Greek Finance Minister Evangelos Venizelos. Photographer: Joshua Roberts/Bloomberg


Greek Finance Minister Evangelos Venizelos said his country will do “whatever it takes” to meet its budget goals and cautioned against making it a “scapegoat” for global economic woes.

Venizelos, who is also Greece’s deputy prime minister, pledged that the country will always remain a member of the euro zone, in an effort to dismiss investors’ concern that its debt crisis may cause it to break away from the currency union.

“Greece wants to make it and will make it,” he said in a speech today in Washington after attending the annual meetings of the International Monetary Fund and the World Bank. “We are ready to take the necessary initiatives at any political cost” to improve the economy, he said.

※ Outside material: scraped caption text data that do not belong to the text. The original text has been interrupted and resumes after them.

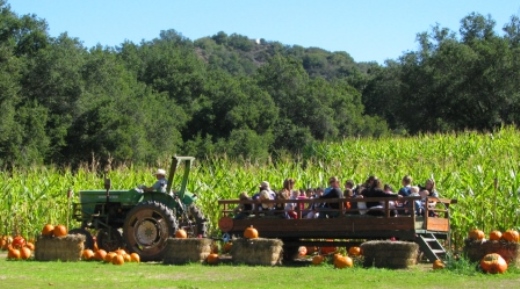 You Pick Pumpkin Patch Southern California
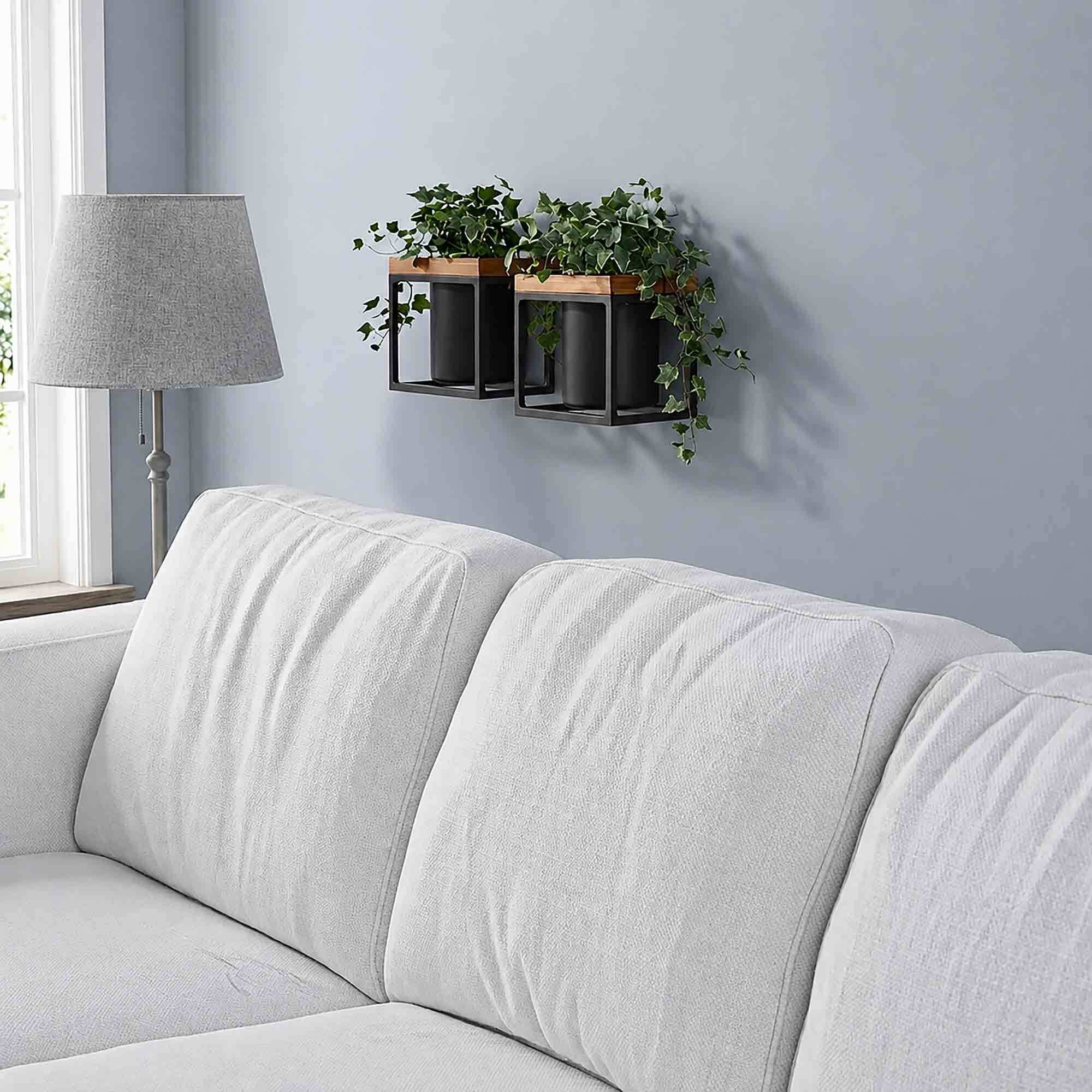 Classic Pablo Cube with Trailing Ivy on Living Room Wall as Casual Decor
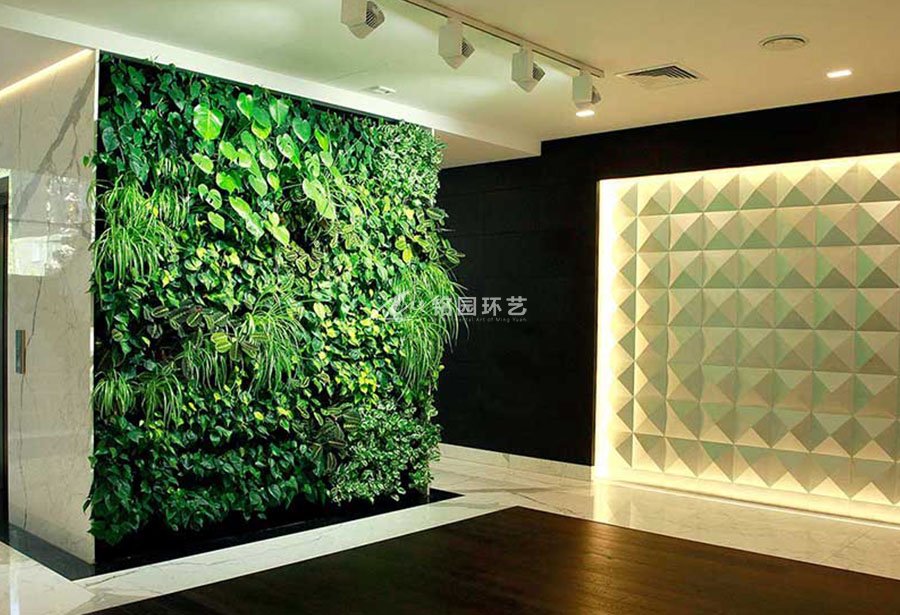 办公室艺术植物墙，现代风格装修绿植景观标配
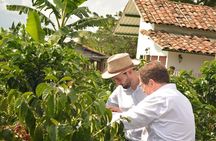 Coffee Tour at the Finca del Café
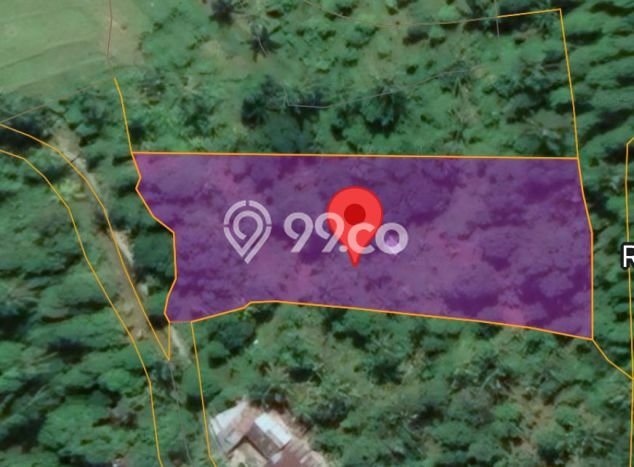 Tanah Kavling di Singaraja Dijual dengan Luas 5000m2 Tanah Kavling di Singaraja Dijual dengan Luas 5000m2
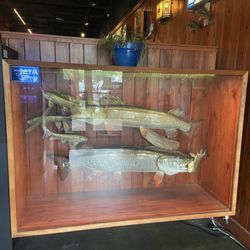 Muskellounge And Sporting Club - Inside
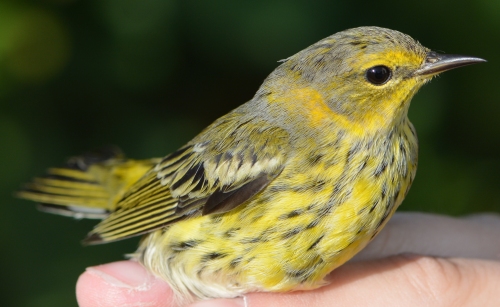 male cape may warbler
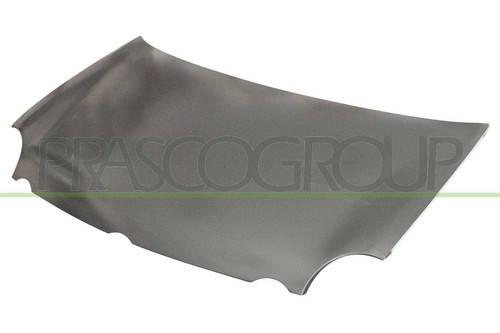 Motorhaube für polo 9n - polo,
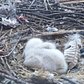 Red Tailed Hawk Nest in Brooklyn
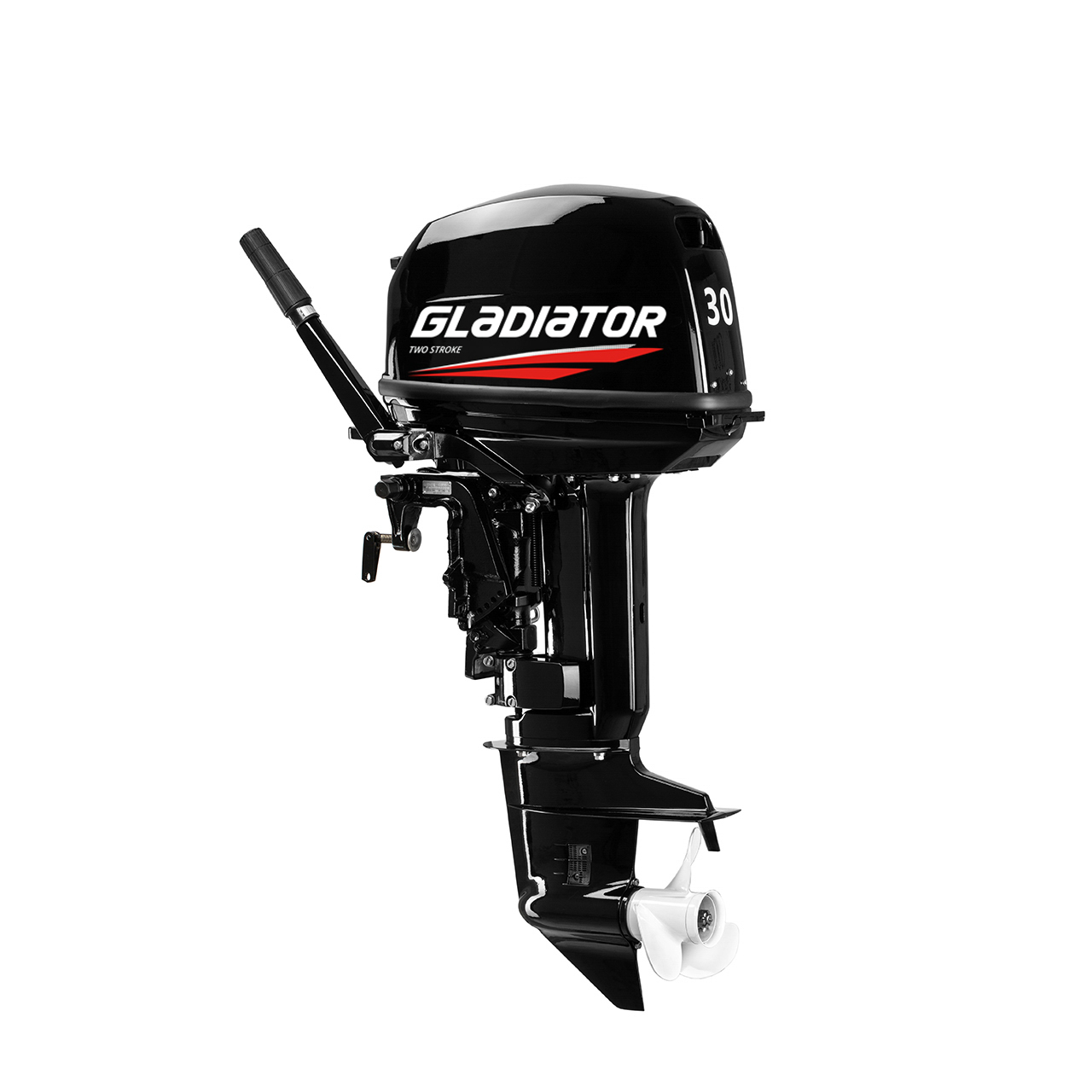 ЛОДОЧНЫЙ МОТОР GLADIATOR G30FHS в Костроме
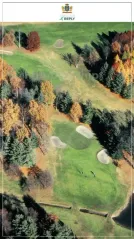 Cover for Fall in love with the beauty of Le Betulle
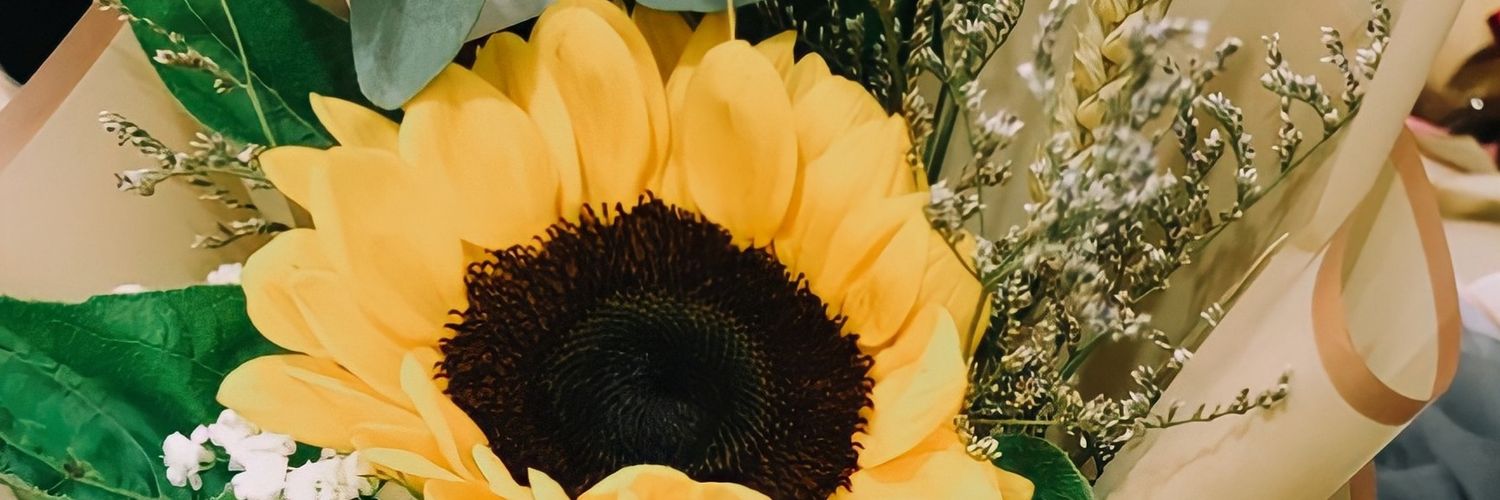 kucingkubolu's profile banner image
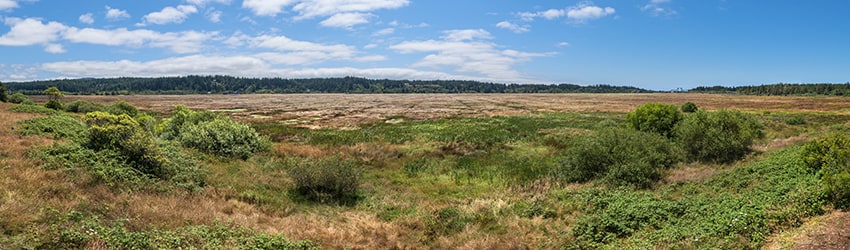 Bandon Marsh National Wildlife Refuge, Bandon OR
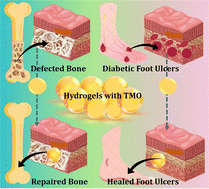 Graphical abstract: Unveiling the development principles and mechanistic understanding of controlled drug delivery strategies for chronic bone defects and diabetic wound management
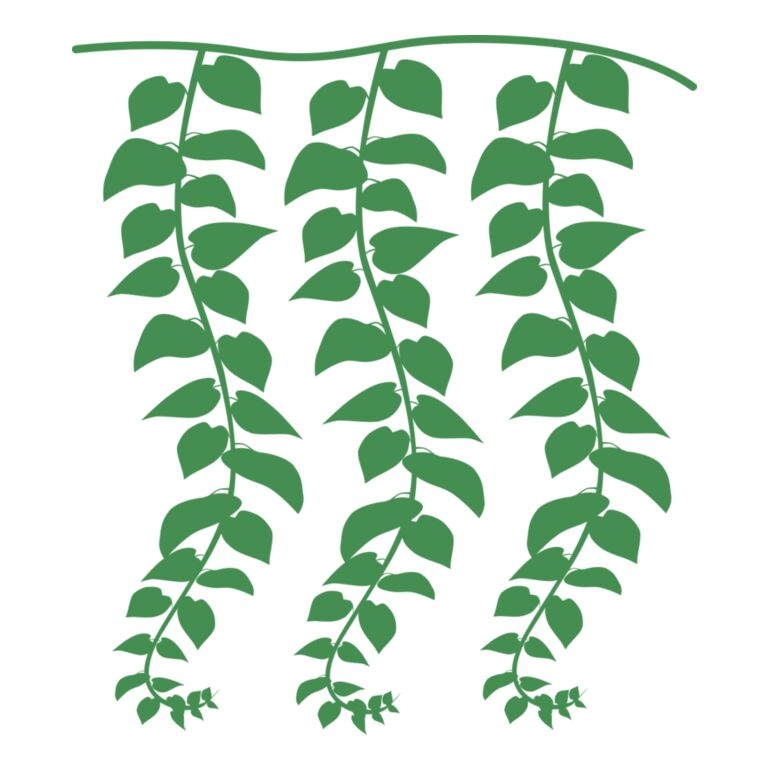 Hanging Plants Thumbnail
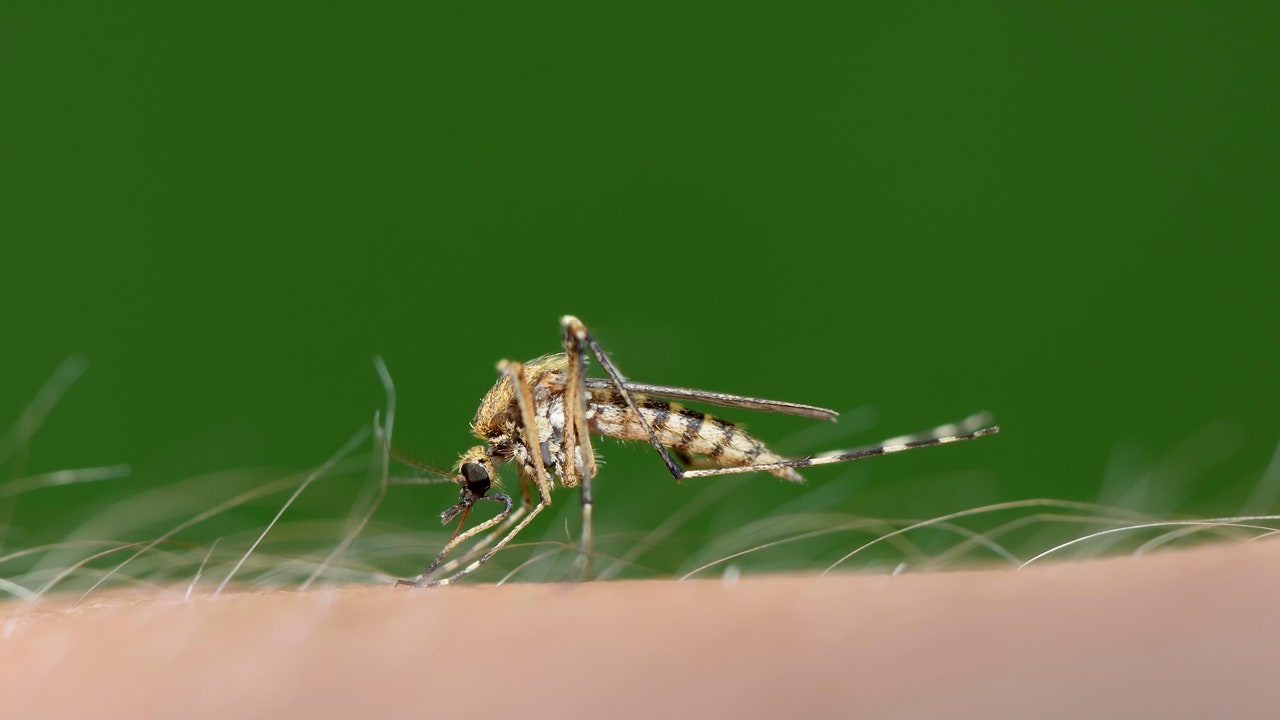 Zanzara, quanto vive? La risposta ad una domanda che tutti ci poniamo nelle notti estive
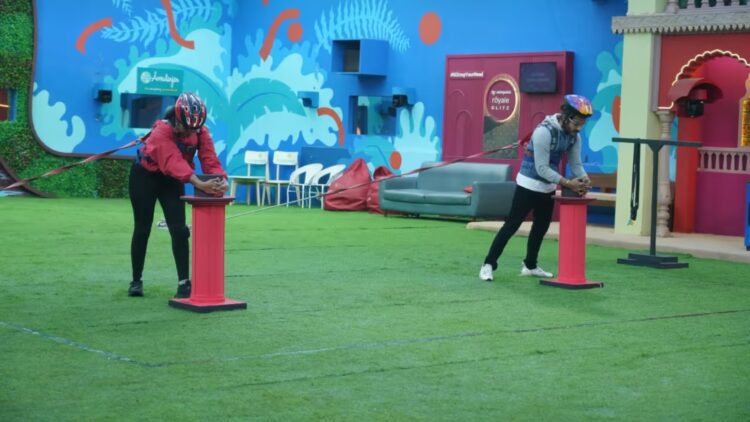 BeFunky collage 2026 01 08T135034.623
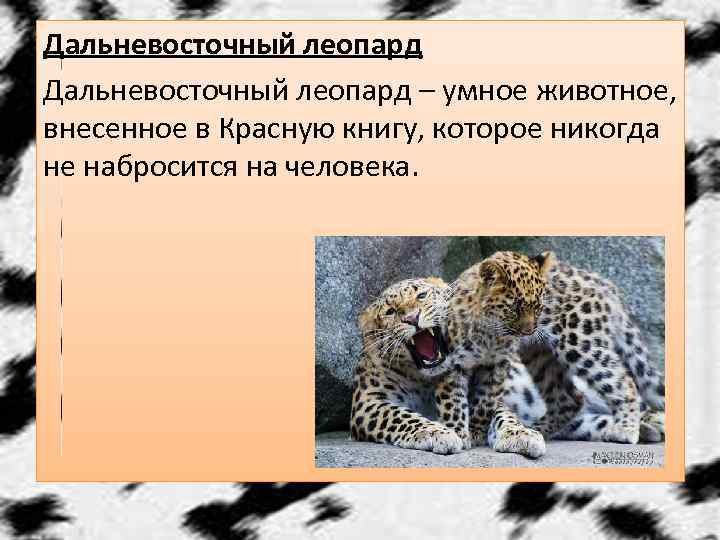 Дальневосточный леопард – умное животное, внесенное в Красную книгу, которое никогда не набросится на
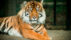 Балийский тигр – жертва дурной славы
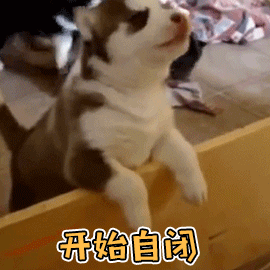 微信图片_20190104141700.gif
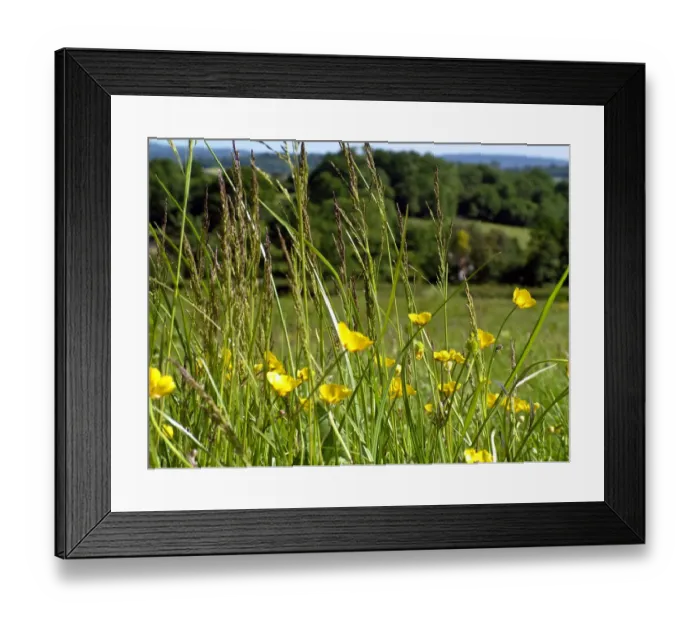 Framed Print : Foreground of buttercups and grasses with country landscape in background Framed Print : Foreground of buttercups and grasses with country landscape in background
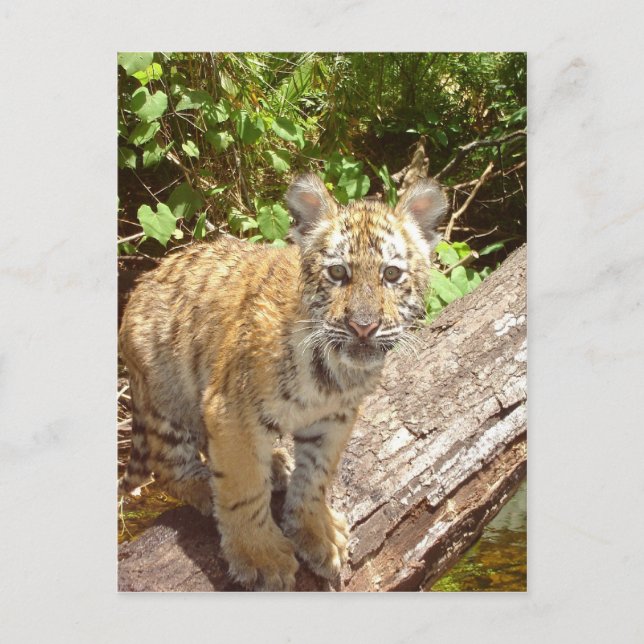 Big Cats - 5 Postcard (Front)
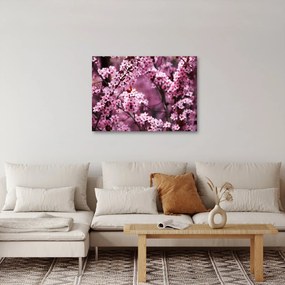 Obraz - Ružová sakura (70x50 cm)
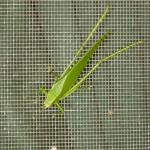 Buy cheap Silver Mesh Harvest Bags , Pest Insect Control Netting HDPE Material from wholesalers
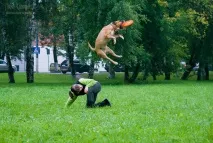 Трохи про амстаффів собак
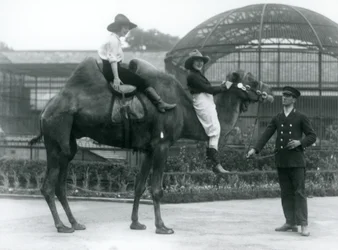 To Cowgirls poserer på en baktrisk kamel, som holdes af dens vogter, under et besøg i London Zoo i 1924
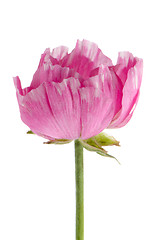 Image showing Eustoma flower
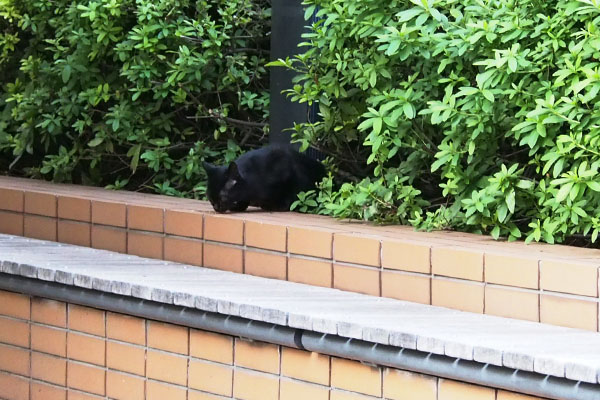 離れた場所の黒仔猫１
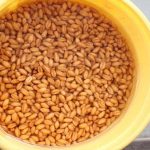 Những loại thức ăn giúp gà chiến sung sức – dẻo dai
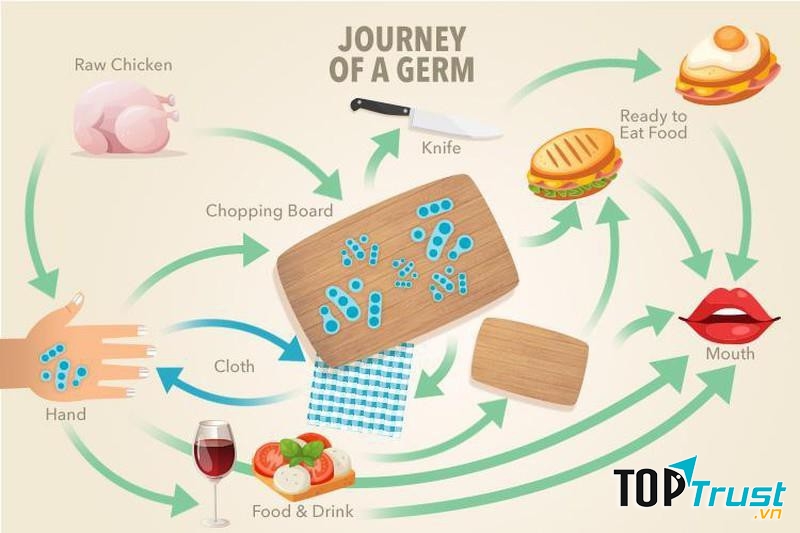 Thớt chứa lượng phân trung bình gấp 200 lần so với ghế vệ sinh.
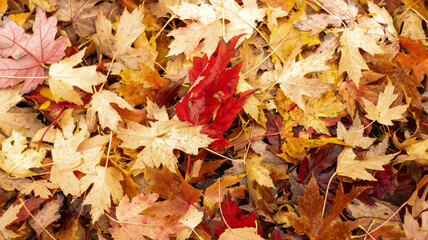 Autumn, leaf, fall, nature, yellow, maple, season, tree, red, foliage, colorful, texture, forest, fallen, park, seasonal, ground, gold, bright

Greece has yet to secure a second international bailout amid questions about whether it can satisfy the terms for aid. Economists at Citigroup Inc. say they expect the country to begin restructuring its debt as soon as December. Analysts at JPMorgan Chase & Co. (JPM) predict the euro area will start contracting in the fourth quarter and that the European Central Bank will cut interest rates next month.

“It’s Greece’s final and irrevocable decision to do whatever it takes to fulfill its obligations towards its partners, towards the euro area, towards the IMF,” he said.

No ‘Domino Effect’

The size of Greece’s economy and its debt make it unlikely to be at the “heart” of Europe’s problems and incapable of “causing a domino effect of pan-European dimensions,” Venizelos said.

“Greece is not the euro area’s central problem, nor can it be the catalyst” for a financial crisis, he said, noting that Greece’s debt accounts for 3 percent of the euro area’s public debt.

Venizelos said that the biggest problem for his country is the public sector.

“The main problem for my country is the public sector and the capability of the public administration to offer the necessary services to our people, to our society with a cheaper, more clever way,” Venizelos said.

Greece’s top priority is “to organize a smaller, clever and cheaper state,” he said. “This is our basic need, not because this is an external obligation but because this is an internal, existential need.”